*Data listing*.
^^^^^^^^

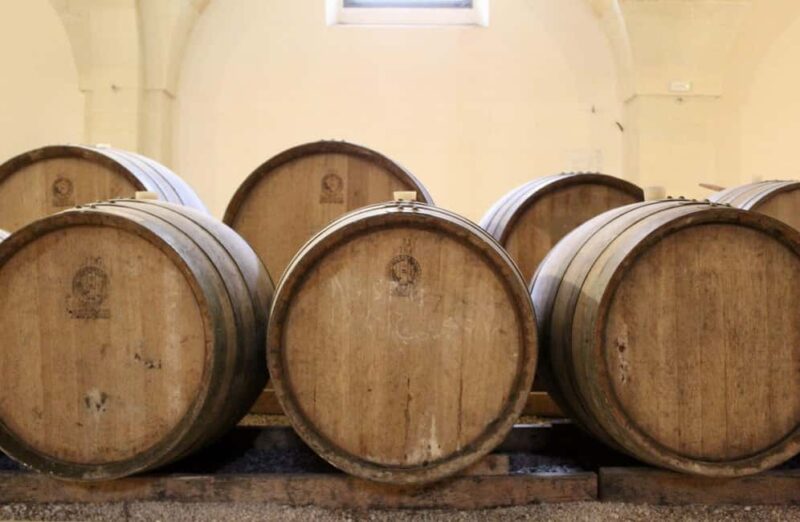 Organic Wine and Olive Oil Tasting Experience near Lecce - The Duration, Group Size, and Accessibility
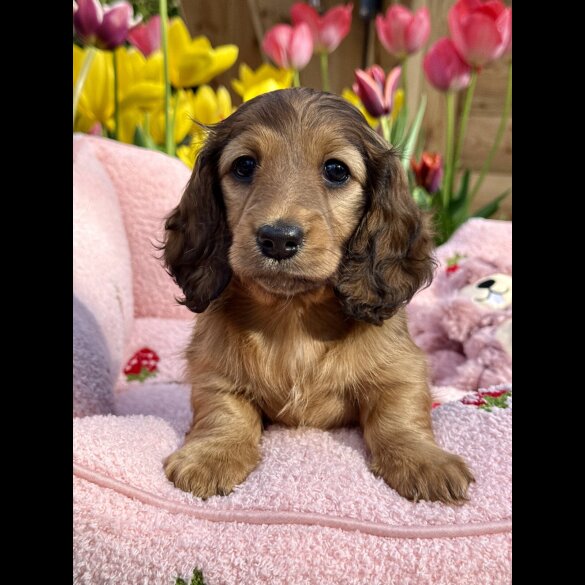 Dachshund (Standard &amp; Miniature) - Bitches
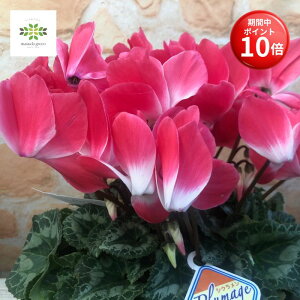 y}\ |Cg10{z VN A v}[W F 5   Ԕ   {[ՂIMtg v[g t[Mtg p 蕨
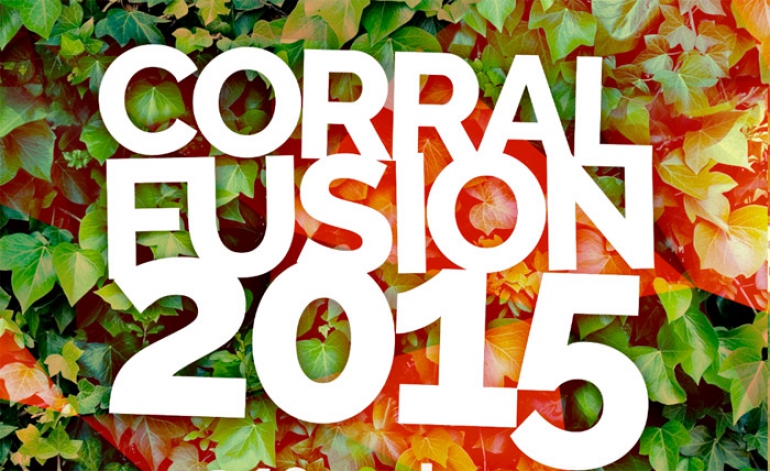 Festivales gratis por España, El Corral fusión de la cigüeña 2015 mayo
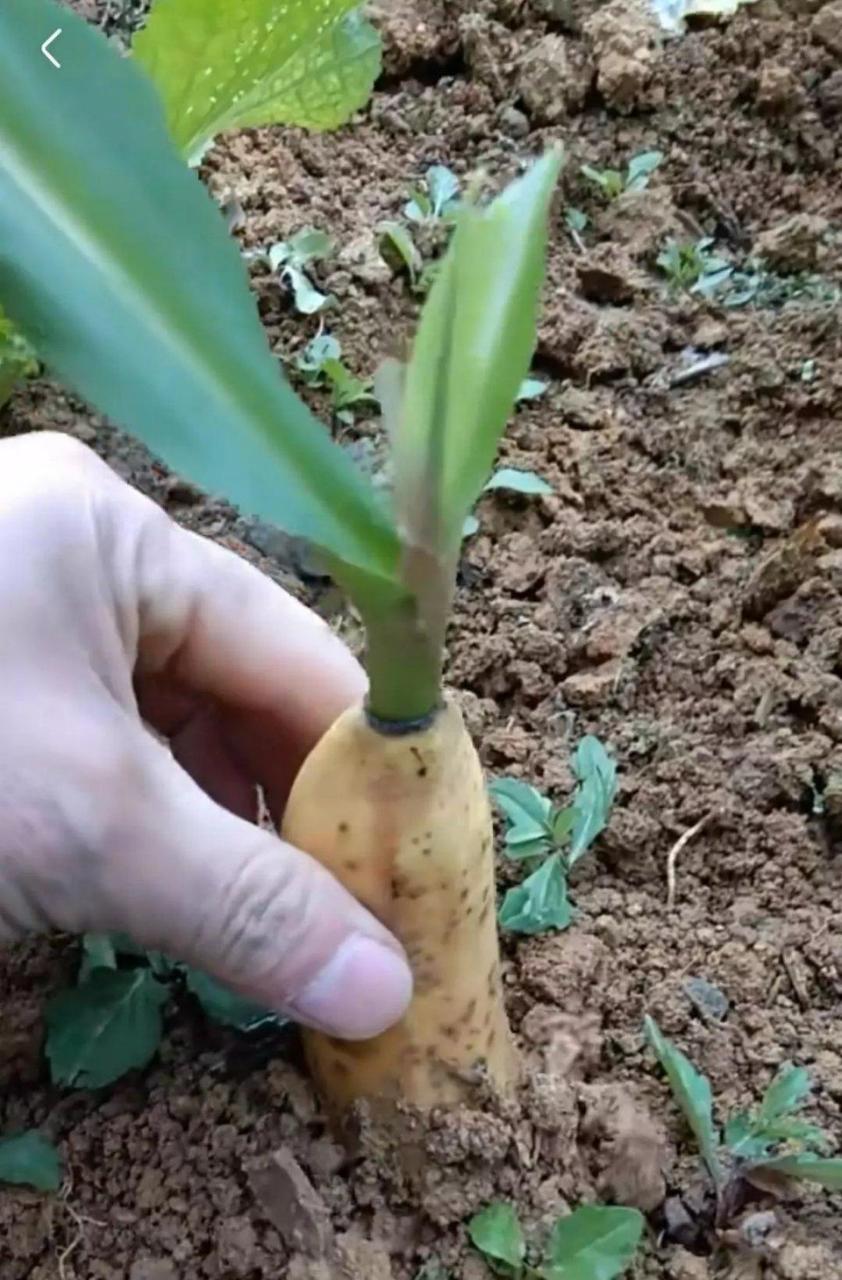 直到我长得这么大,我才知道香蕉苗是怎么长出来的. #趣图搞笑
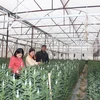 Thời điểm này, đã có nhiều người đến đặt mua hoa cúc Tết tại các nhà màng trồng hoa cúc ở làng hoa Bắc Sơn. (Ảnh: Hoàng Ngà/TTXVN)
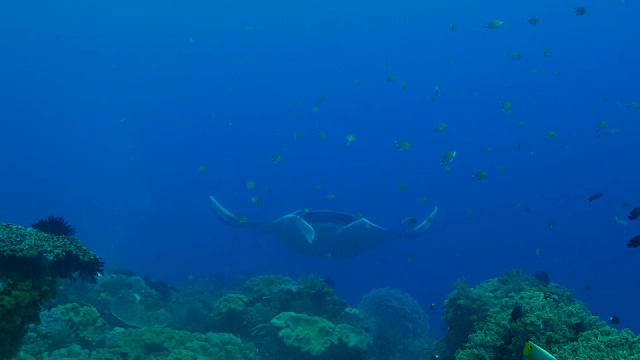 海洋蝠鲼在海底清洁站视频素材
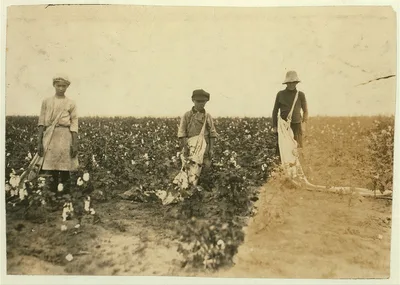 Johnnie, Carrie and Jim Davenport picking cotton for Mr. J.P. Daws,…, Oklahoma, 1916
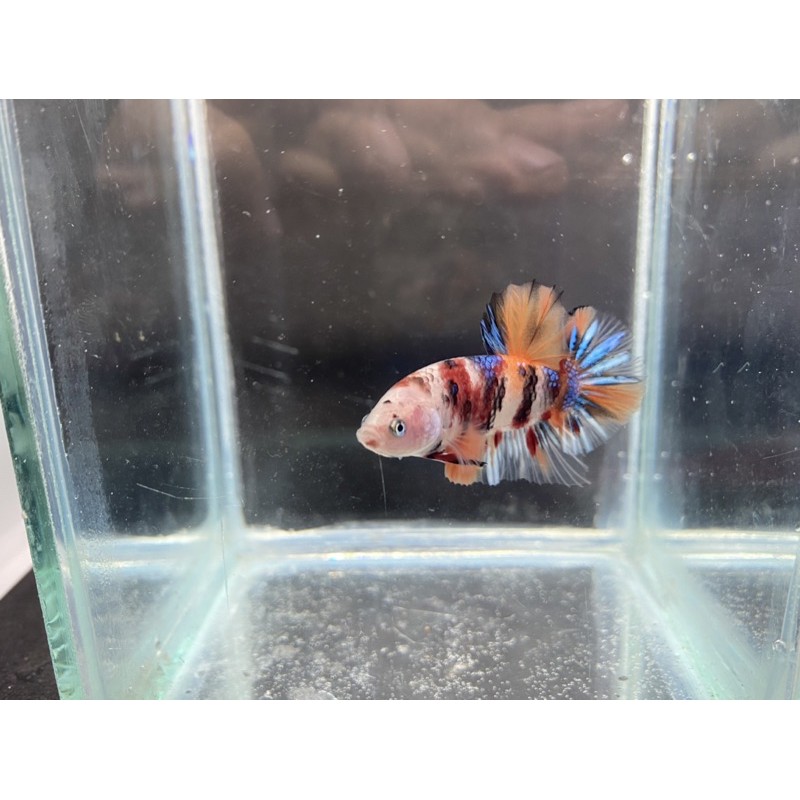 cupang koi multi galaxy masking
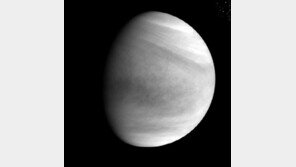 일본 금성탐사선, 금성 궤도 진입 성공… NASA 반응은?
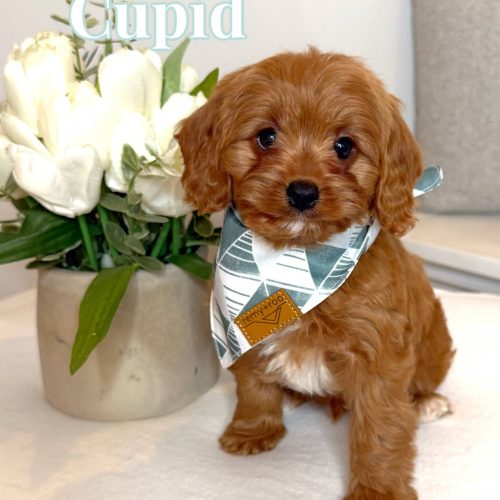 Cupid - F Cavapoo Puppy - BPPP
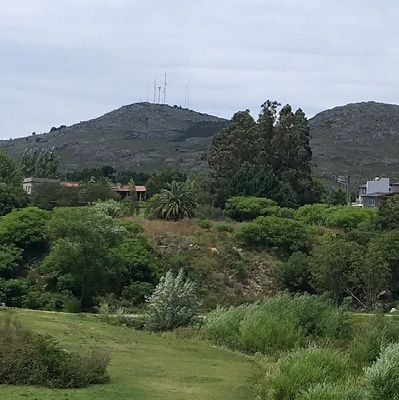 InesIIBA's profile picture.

^^^^^^^^

*Task brief*. Copy each record exactly. Leave any images out of the copy.

*Output below*.
 Organic Wine and Olive Oil Tasting Experience near Lecce - The Duration, Group Size, and Accessibility
 Dachshund (Standard &amp; Miniature) - Bitches
 y}\ |Cg10{z VN A v}[W F 5   Ԕ   {[ՂIMtg v[g t[Mtg p 蕨
 Festivales gratis por España, El Corral fusión de la cigüeña 2015 mayo
 直到我长得这么大,我才知道香蕉苗是怎么长出来的. #趣图搞笑
 Thời điểm này, đã có nhiều người đến đặt mua hoa cúc Tết tại các nhà màng trồng hoa cúc ở làng hoa Bắc Sơn. (Ảnh: Hoàng Ngà/TTXVN)
 海洋蝠鲼在海底清洁站视频素材
 Johnnie, Carrie and Jim Davenport picking cotton for Mr. J.P. Daws,…, Oklahoma, 1916
 cupang koi multi galaxy masking
 일본 금성탐사선, 금성 궤도 진입 성공… NASA 반응은?
 Cupid - F Cavapoo Puppy - BPPP
 InesIIBA's profile picture.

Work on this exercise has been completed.